I turned to Amesh. He was still carrying the lamp, but had put down the sword. "Tell Darbar to stop torturing those guys," I said. "And to lay off my dad. He's not going anywhere."
Showing shame, Amesh turned to his invisible djinn and ordered it to remove the captors from the holes. He assured Darbar he had control of the situation. It was nice to see the dramatic change in Amesh. Now that he was pain free, he was almost normal again.
Yet I was getting my hopes up too soon. He was desperate, having made his three wishes, and desperate people did desperate things.
"Darbar says they're to suffer as I have suffered," Amesh told me after conferring with his djinn. I chose not to argue, but turned to Lova instead. I wanted to see how she stacked up against Darbar.
"Lova, release all the prisoners from those holes," I said.
"Is that your third wish?"
"No."
"That's asking too much without making a wish."
"Lova, if you don't do what I say right now, we'll part company and you'll never see me again."
Lova was not ready to let me go. I had only one more wish to make and she had me. In minutes, she managed to lift the four boys—as well as Mr. Toval and Mrs. Steward—out of their pits. My dad went over to help his partners to their feet, while the guys collapsed on the floor. They had been in the longest and their legs were shot. Yet the good thing about this kind of torture—good in a relative sense—was that their relief was immediate. A minute after they lay down, their cramps began to ease up.

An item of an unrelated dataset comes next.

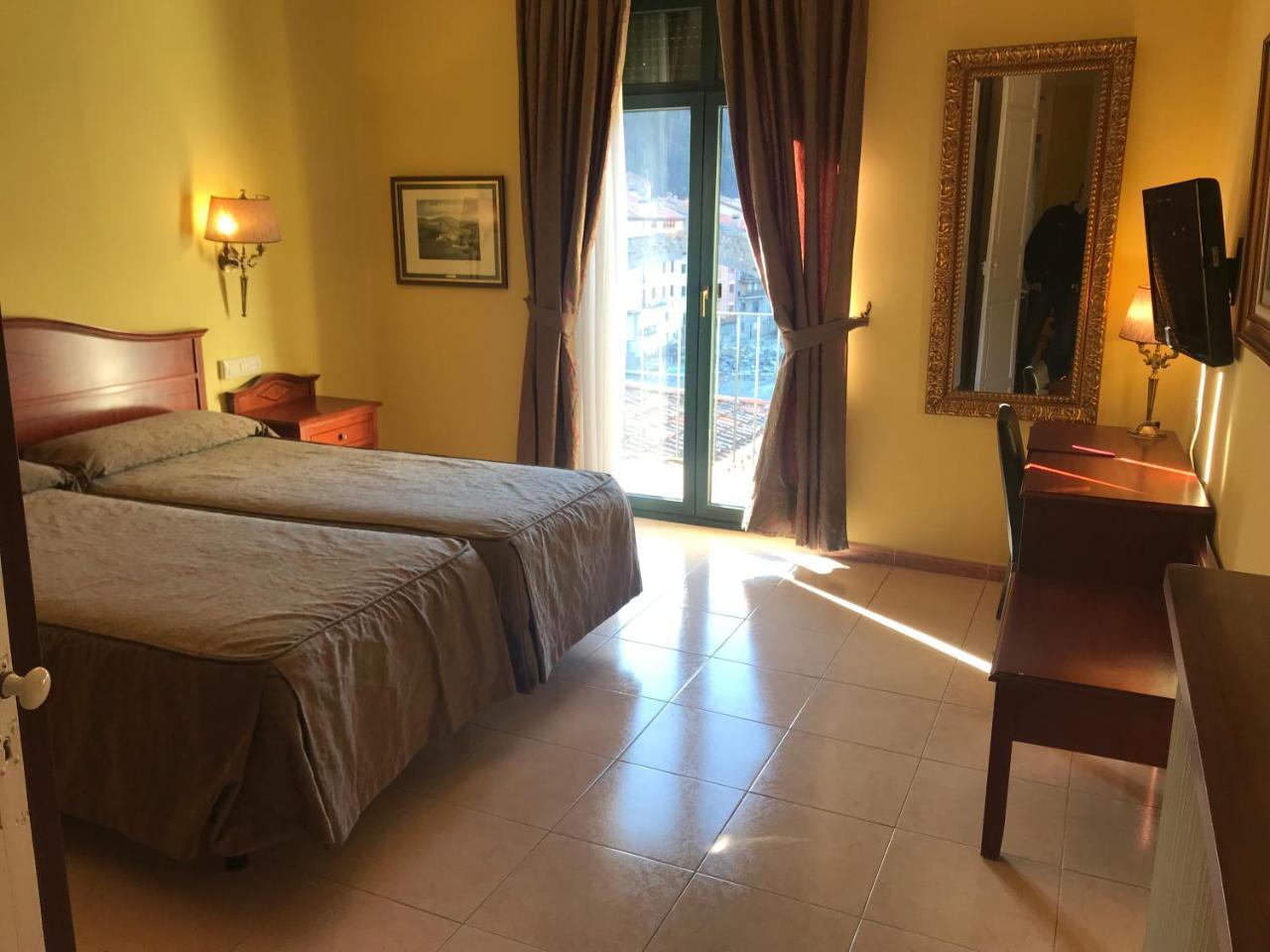 Hotel De Camprodon Luaran gambar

As they squirmed on the ground, I recognized two from the photos Lova had taken, Jemal and Omer. I could not help myself; I strode over and stared at them.
"I warned you jerks not to mess with me," I said in a cold voice.
The younger guy cried. "Please don't put us back in there."
"Behave yourself, and I'll think about it." I did not approve of torture but two of these guys had really hurt me.
Spielo was wandering around, dazed. But he did summon the courage to approach me. "Are you Sara?" he asked timidly.
"Yeah. I'm the evil American chick."
"Amesh didn't mean—"
"I know, I know," I interrupted. "Are you scared?"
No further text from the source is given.